O documentário começa com um homem que quer arranjar a sua impressora e vai a várias lojas perguntar se tem concerto e todos lhe disseram que não vale a pena arranjar, que não vale apena arranjar, que mais valia comprar uma impressora nova.
Em 1900 foi criado um comité, que influenciou o tempo de duração dos produtos, assim as pessoas eram influenciadas a comprar novos produtos para se puder ganhar mais dinheiro com isso.
Ao longo do documentário vemos alguns exemplos de obsolescência programada, vemos isso na história de um lâmpada incandescente que funciona desde 1901 (111 anos).
Outro exemplo é a Dupont que descobriu um fibra sintética revolucionária no nylon, no entanto, teve que tornar o material menos resistente e duradouro, para que continuasse a haver consumo. Além disso, também houve o caso do iPod, cuja bateria tinha a programação para durar aproximadamente 18 meses, incentivando a compra de outro aparelho para um novo.
Essa obsolescência programada provoca, além do aumento da exploração dos recursos naturais e energéticos, no fluxo contínuo e aumentado da produção de lixo tecnológico. A maior parte desses resíduos de países europeus e da América do norte, com o pressuposto de ser material de segunda mão (na verdade são materiais fora de funcionamento) é enviado a países pobres, aumentando consideravelmente a quantidade de lixo nesses países, destruindo ecossistemas, antes intactos e servindo de meio de subsistência para pessoas em risco social, que vivem desses restos tecnológicos, em busca de metais para serem vendidos.
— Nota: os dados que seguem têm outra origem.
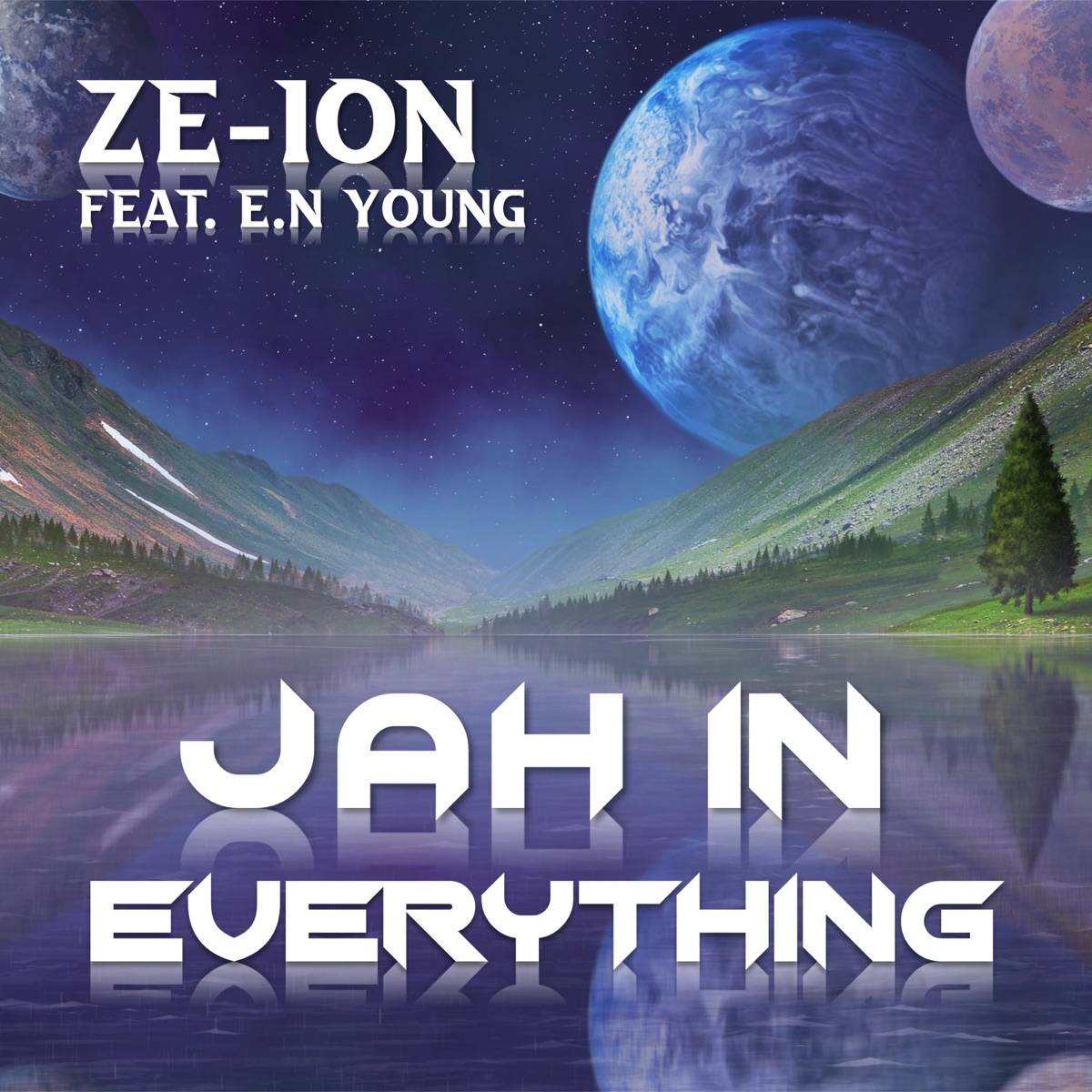 Jah In Everything (feat. E.N Young) - Single by Ze-Ion album cover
O documentário ainda mostra que a obsolescência programada surge quase ao mesmo tempo em que a produção em massa e a sociedade de consumo. Esse padrão iniciou-se desde a revolução industrial onde saiam das maquinas produtos mais baratos, portanto mais acessíveis, no entanto pouco duráveis.
No final do documentário, vemos que o homem que tinha a impressora avariada, contatou com um técnico russo que lhe arranjou a impressora. O técnico russo explicou que a impressora estava programada para deixar de funcionar no final de algum tempo.
Crítica ao Documentário:
Provavelmente, a solução para a sociedade de consumo de crescimento está longe de apenas, pequenas adaptações ditas mais ecológicas e sustentáveis, como muitas empresas tem proposto, e sim numa mudança mais radical ao invés de um crescimento um decrescimento, uma verdadeira mudança de lógica, reduzindo o consumo e a produção, aumentando apenas o sentido de nossas próprias existências.
Vemos que no final do documentário, a obsolescência programada tem um lado mau, pois fazem com que o produto avarie ao fim de um determinado tempo para o consumidor seja influenciado a comprar um novo produto.